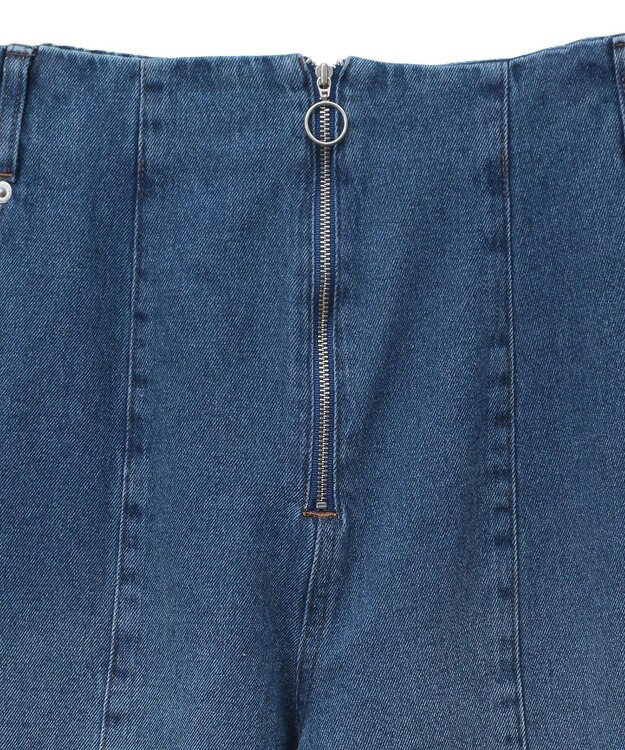 Green Parks ・ＳＵＧＡＲ　ＳＰＯＯＮデニムハイウエストワイドパン Indigo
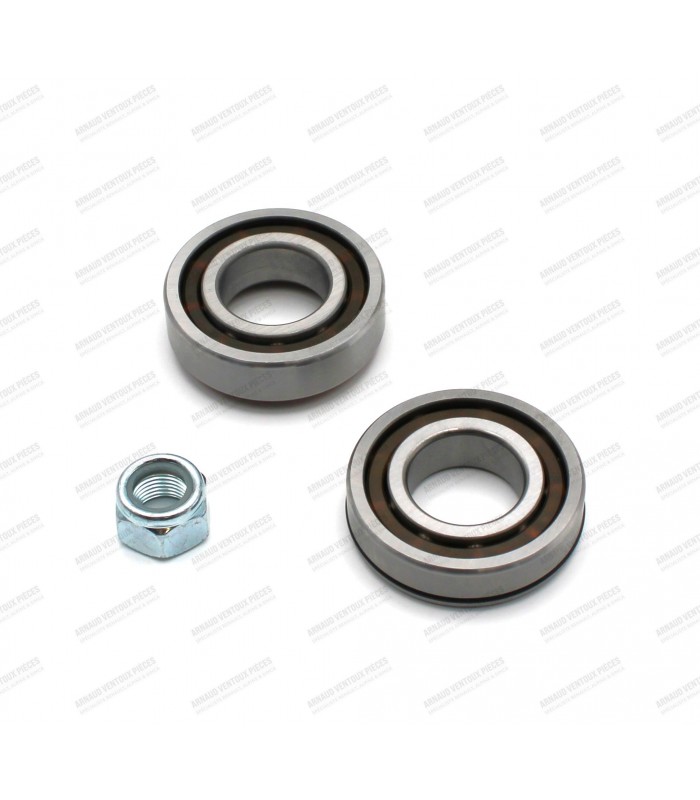 Kit of 2 front wheel bearings - Ø30x62x16 (x2) - ref 7701460637 - 2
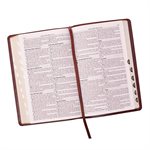 KJV Bible, Lux Leather, Burgundy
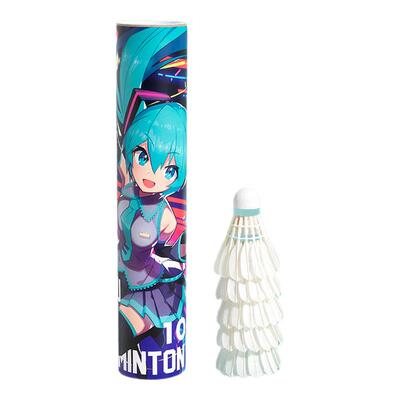 WCC 初音未来正版联名羽毛球专业耐打稳定训练室外鹅毛球10只装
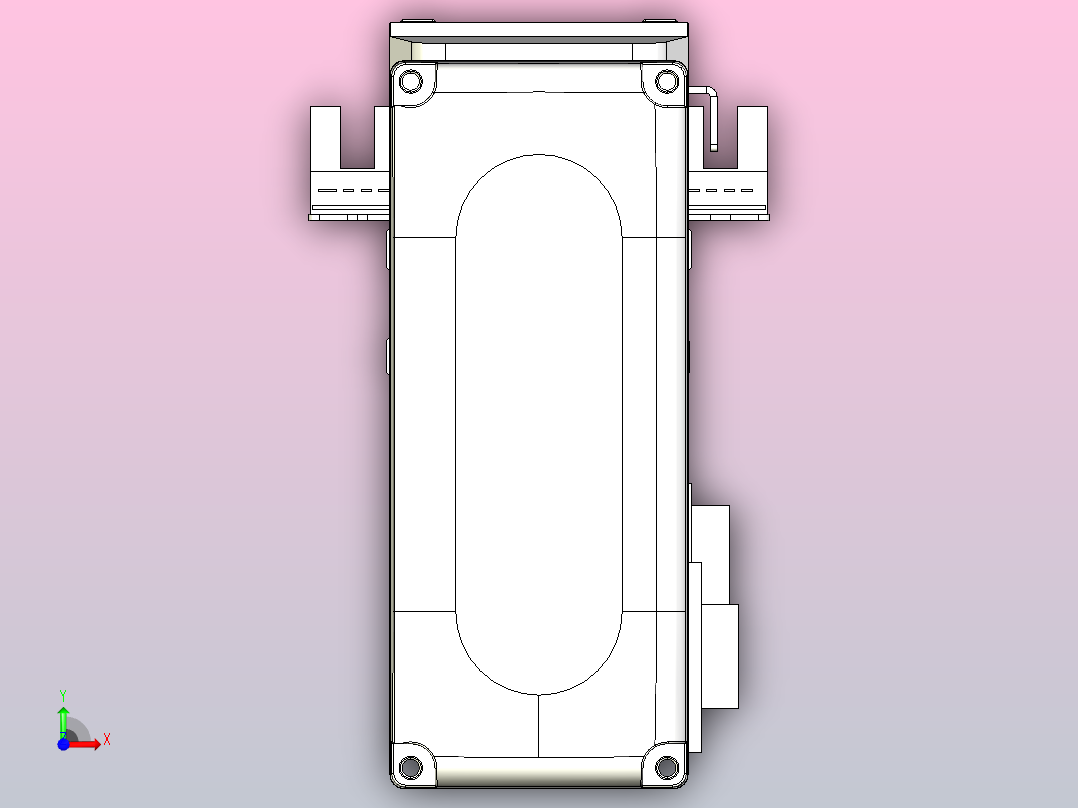 滚珠丝杠直线轴内置导轨TPA-GCR-40-1210C-L50-MP-M10-N3前视图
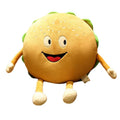 Hamburger Throw Pillow Multi Purpose Plush and PP Cotton Back Pillow for Valentine's Day Birthday Gift Toy Type 3 30cm/11.8in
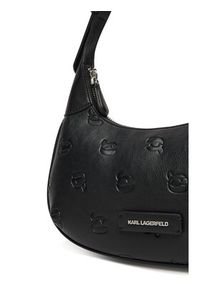 Karl Lagerfeld - KARL LAGERFELD Torebka A3W30292 Czarny. Kolor: czarny. Materiał: skórzane #6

## Exercise description:
All lines between the one that contains "滚珠丝杠直线轴内置导轨TPA" and the end of the records above, both included, are to be returned exactly as they stand, except for pictures, which are omitted.

## Exercise solution:
 滚珠丝杠直线轴内置导轨TPA-GCR-40-1210C-L50-MP-M10-N3前视图
 Hamburger Throw Pillow Multi Purpose Plush and PP Cotton Back Pillow for Valentine's Day Birthday Gift Toy Type 3 30cm/11.8in
 Karl Lagerfeld - KARL LAGERFELD Torebka A3W30292 Czarny. Kolor: czarny. Materiał: skórzane #6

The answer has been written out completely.